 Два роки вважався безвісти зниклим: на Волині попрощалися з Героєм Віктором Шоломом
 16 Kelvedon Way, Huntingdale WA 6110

____

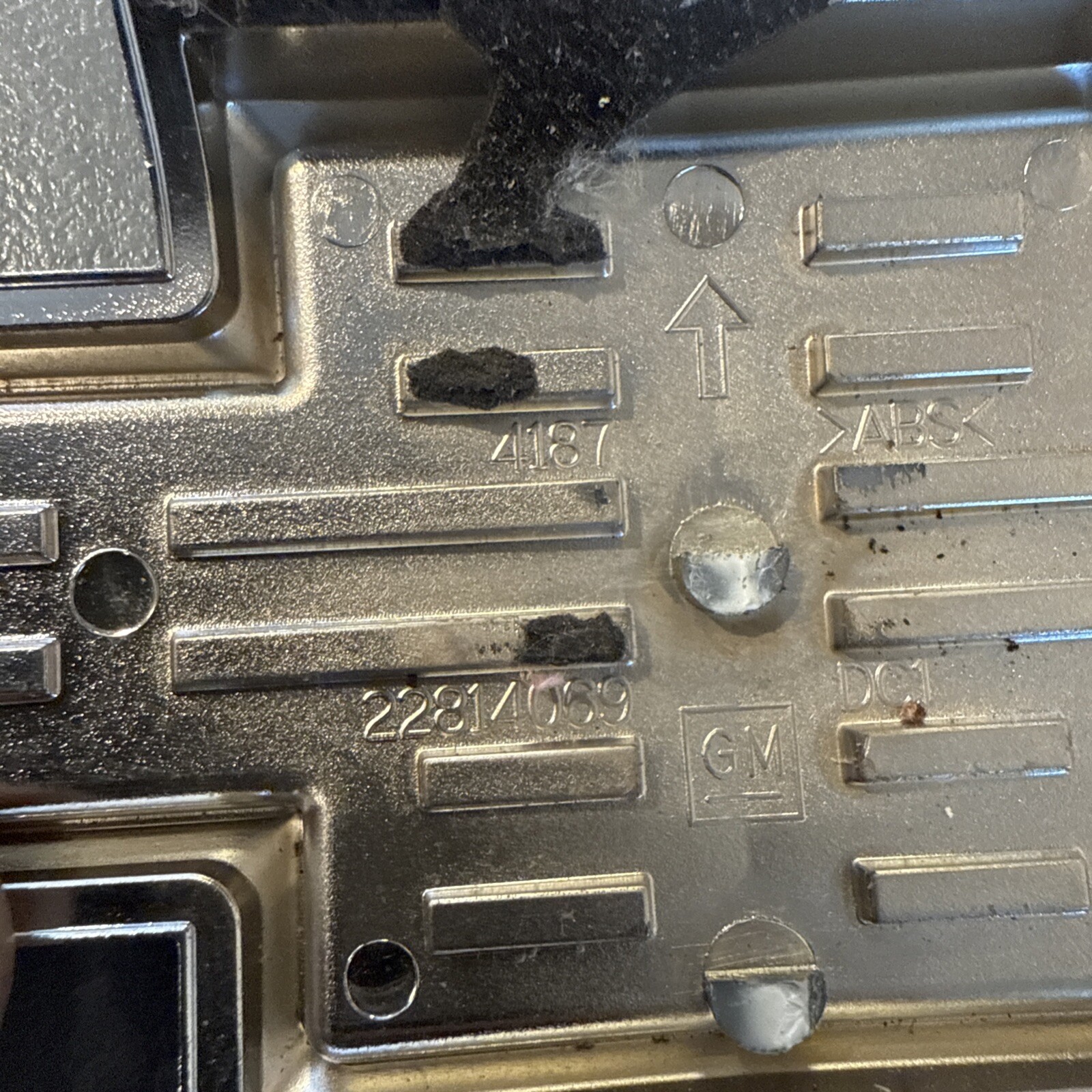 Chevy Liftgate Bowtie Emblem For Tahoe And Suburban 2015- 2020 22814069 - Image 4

____

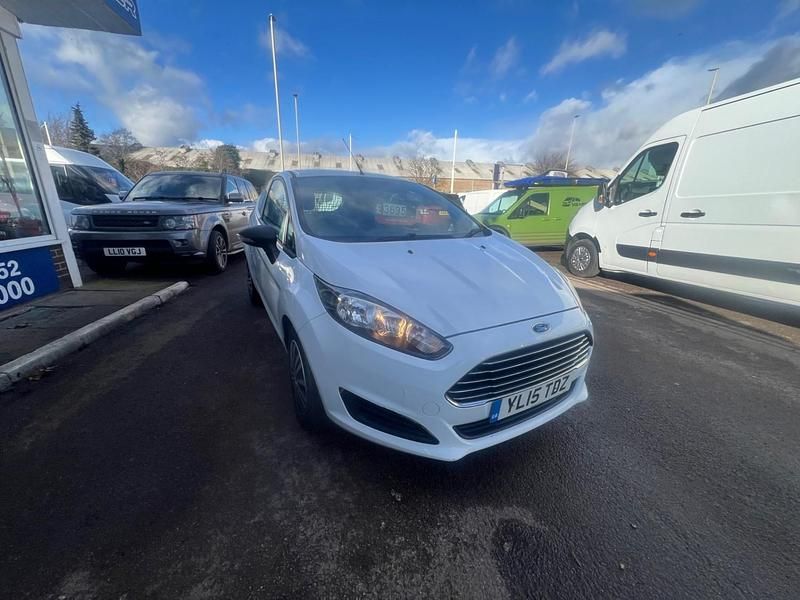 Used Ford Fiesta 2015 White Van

____

■ What the task asks: Look through the entries above and quote exactly the lines from the line with "Два роки вважався" to the line with "16 Kelvedon Way, Huntingdale WA 6110", counting both of those lines.

■ Answer area:
 Два роки вважався безвісти зниклим: на Волині попрощалися з Героєм Віктором Шоломом
 16 Kelvedon Way, Huntingdale WA 6110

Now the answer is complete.